消費者の権利を考えるには、消費者個人の私法上の権利としての消費者の権利と、理念あるいは人権としての消費者の権利に分けて考えるもことができます。

  私法上の権利として確立すると、権利侵害があった場合、当該行為を差し止めるなど、法律に基づき、消費者の救済を当該法律に基づき直接図ることが可能となります。一方、理念としての消費者の権利の明示は、消費者政策の指導原理として有効であり、国の消費者政策の推進に資するものとなり得る反面、私法上の権利としては認められないため、当該規定を根拠に直接消費者の救済を図ることは不可能です。

 まず、基本法での消費者の権利は私法上の権利として位置づけられているとは考えられません。また、理念として消費者の権利を述べたものであると考えられますが、ここでも、理念の実現がなされなかった場合の国の責務を逃れようとする意図もうかがえます。というより立法者は私法上の権利としても、国の消費者の権利確立のための義務規定としてもみなされないように立法化したのではないかと推察しています。消費者基本法がその名のとおり、消費者保護基本法に引き続き、基本法の性格を有していることもあいまいさを残している理由でしょう。

 現在、日本で「基本法」という題名がつけられている法律は22あります。これらの法律は「教育、農業、公害等国政に重要なウェイトを占める分野について国の制度、政策、対策に関する基本方針を明示したもの」であり、「その規律の対象としている分野については、基本法として他の法律に優越する性格を持ち、他の法律がこれに誘導されるという関係に立っている」とされます。その反面、「直接に国民の権利義務関係に影響を及ぼすような規定は設けられず、訓示規定とかいわゆるプログラム規定でその大半が構成されている」というのが実情です。

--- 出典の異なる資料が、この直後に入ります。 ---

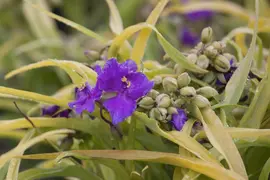Tradescantia Andersoniana Blauw (Eendagsbloem) - afbeelding 3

消費者基本法の最大の眼目は消費者の権利の明定ですが、基本法としての性格を維持したままであるため、立法者はそこでの権利の宣言が私法上の権利規定として概念される可能性を危惧したものと推察されます。そこでこのようなあいまいな表現となったのでしょう。同時に消費者の権利の確立が国の義務であるとして概念されることで、消費者と国の権利義務関係が確立することも嫌ったのであろうと考えています。

 日本の消費者の権利規定が消費者基本法の中で提示されていることから、それ自体が民事上の権利規定の性格を有せず、また国家の法的な義務の明示もなされていない状況では、今後、同法の理念を受けた消費者私法や消費者行政の充実が図られるか否かがその評価を左右すると言えます。

人権としての「消費者の権利」

 理念としての消費者の権利を憲法が保障した基本的人権の内容を具体的に示したものと解釈すれば、その権利侵害があった場合には、国の施策における不作為を法的に追及したり、あるいは基本的人権規定の私人間効力の問題の中で、私人への損害賠償請求権も考えられる余地があります。

 日本では、直接に消費者に言及する規定は憲法に存在しませんが、憲法との関係で考えられるのは生存権概念です。北川善太郎教授は「消費者の権利と称されているものの多くは、その包括的内容のままでは、ただちに実定法上の権利とは言いがたいであろう。いわば憲法25条の生存権を消費者向けに書き改めたもの」としています。近代立憲主義憲法は、いわゆる抽象的人間像、即ち、精神的にも身体的にも経済的にも自立した「完全な個人像」を念頭においていたといえます。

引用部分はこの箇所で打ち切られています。